Crabtree notified the defendant that he accepted "the invitation to join the Arden organization" and when he reported for work a payroll card was prepared by general manager Johns who initialed it before forwarding it to the payroll department. This card showed the names of the parties, Crabtree's job classification and the salary for the first six months, the second six months and after one year. The salary was increased after six months, but Miss Arden refused to approve the increase which the memorandum called for at the end of one year. However, a payroll change card was prepared and signed by the comptroller noting a salary increase from $25,000 to $30,000 per year, "per contractual arrangements with Miss Arden." Miss Arden again refused to approve the increase and Crabtree brought suit for breach of contract. The defendant denied the existence of any agreement to employ Crabtree for two years, and pled the statute of frauds as a bar to enforcement if the court should find that an agreement had been made. The trial court upheld the plaintiffs' contentions and awarded damages. The Appellate Division affirmed and the question addressed by the New York Court of Appeals was whether there was a memorandum of the terms of the contract, subscribed by the defendant sufficient to satisfy the requirements of the New York statute of frauds.

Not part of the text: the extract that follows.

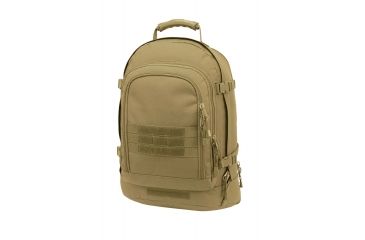 Image of Mercury Tactical Three Day Backpack, Coyote, 20 1/2in.x15in.x12 3/4in. 9979-CY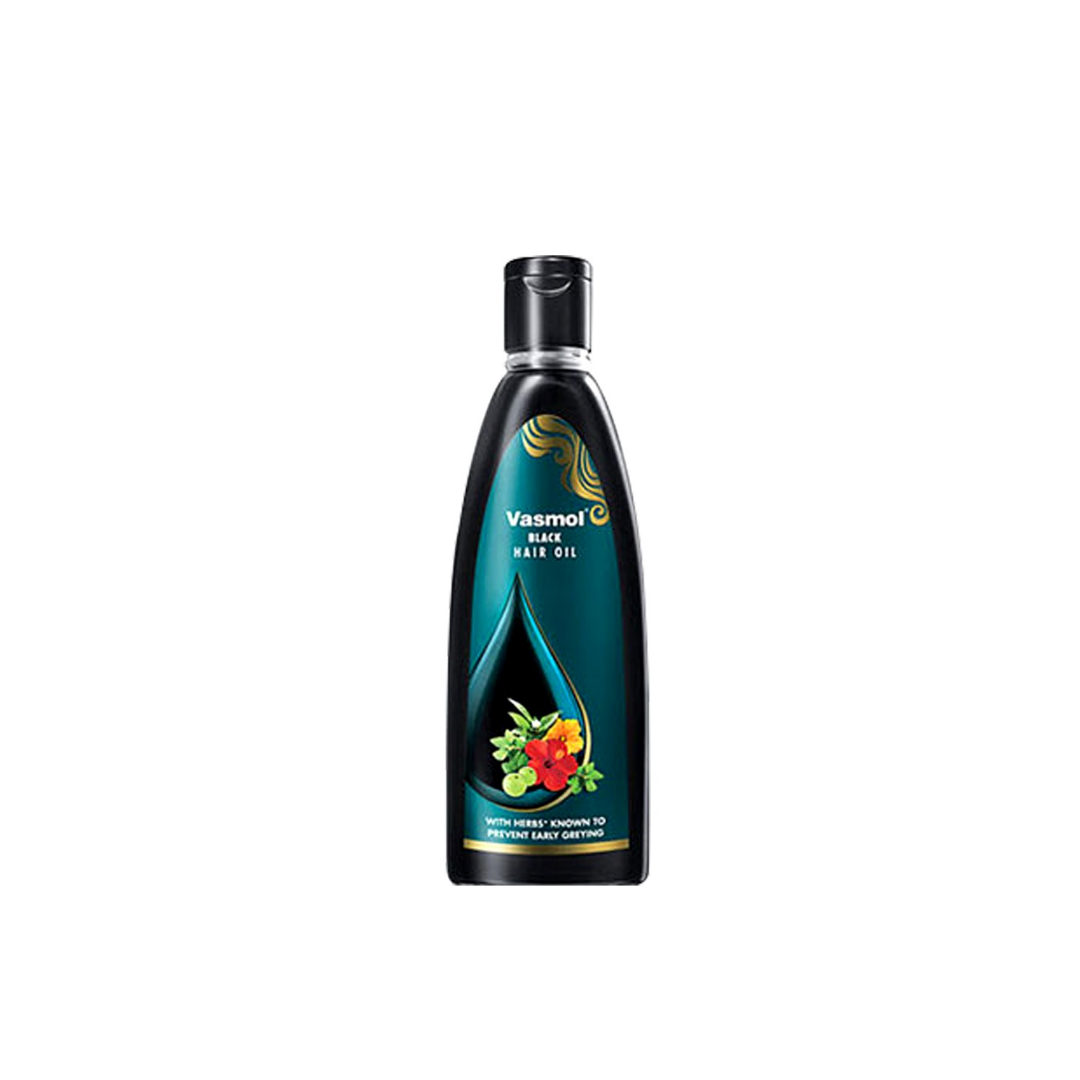 VASMOL BLACK HAIR OIL 50ML SUPER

The court of appeals affirmed the judgment for Crabtree upon the basis of its finding that the two payroll cards which were signed and the unsigned memorandum, when considered together, constituted a memorandum under the statute of frauds. The two signed documents were found to establish the existence of a contractual relationship and to set forth all the terms of the contract except one-the duration of Crabtree's employment. The notation on the unsigned memorandum, "2 years to make good," was found sufficient to establish the period of employment. The court adopted a rule that signed and unsigned writings may be read together so long as they clearly refer to the same subject matter or transaction. The holding and rationale of the court were summarized as follows:

The language of the statute-"Every agreement * * * is void, unless * * * some note or memorandum thereof be in writing, and subscribed by the party to be charged", Personal Property Law, § 31-does not impose the requirement that the signed acknowledgment of the contract must appear from the writings alone, unaided by oral testimony. The danger of fraud and perjury, generally attendant upon the admission of parol evidence, is at a minimum in a case such as this. None of the terms of the contract are supplied by parol. All of them must be set out in the various writings presented to the court, and at least one writing, the one establishing a contractual relationship between the parties, must bear the signature of the party to be charged, while the unsigned document must on its face refer to the same transaction as that set forth in the one that was signed. Parol evidence-to portray the circumstances surrounding the making of the memorandum-serves only to connect the separate documents and to show that there was assent, by the party to be charged, to the contents of the one unsigned. If that testimony does not convincingly connect the papers, or does not show assent to the unsigned paper, it is within the province of the judge to conclude, as a matter of law, that the statute has not been satisfied.

110 N.E.2d at 554.

In its Crabtree opinion the court referred several times to its earlier decision in Marks v. Cowdin, 226 N.Y. 138, 123 N.E. 139 (1919). Speaking for the court in Marks, Judge Cardozo wrote, "The memorandum exacted by the statute does not have to be in one document. It may be pieced together out of separate writings, connected with one another either expressly or by the internal evidence of subject-matter and occasion." 123 N.E. at 141 (citations omitted). Thus, the process which has been referred to as considering a "confluence of memoranda," Babdo Sales, Inc. v. Miller-Wohl Co., 440 F.2d 962, 966 (2d Cir. 1971), has long been recognized by the courts of New York as a proper means to avoid pressing the statute of frauds "to the extreme of a literal and rigid logic." Marks v. Cowdin, supra, 123 N.E. at 141.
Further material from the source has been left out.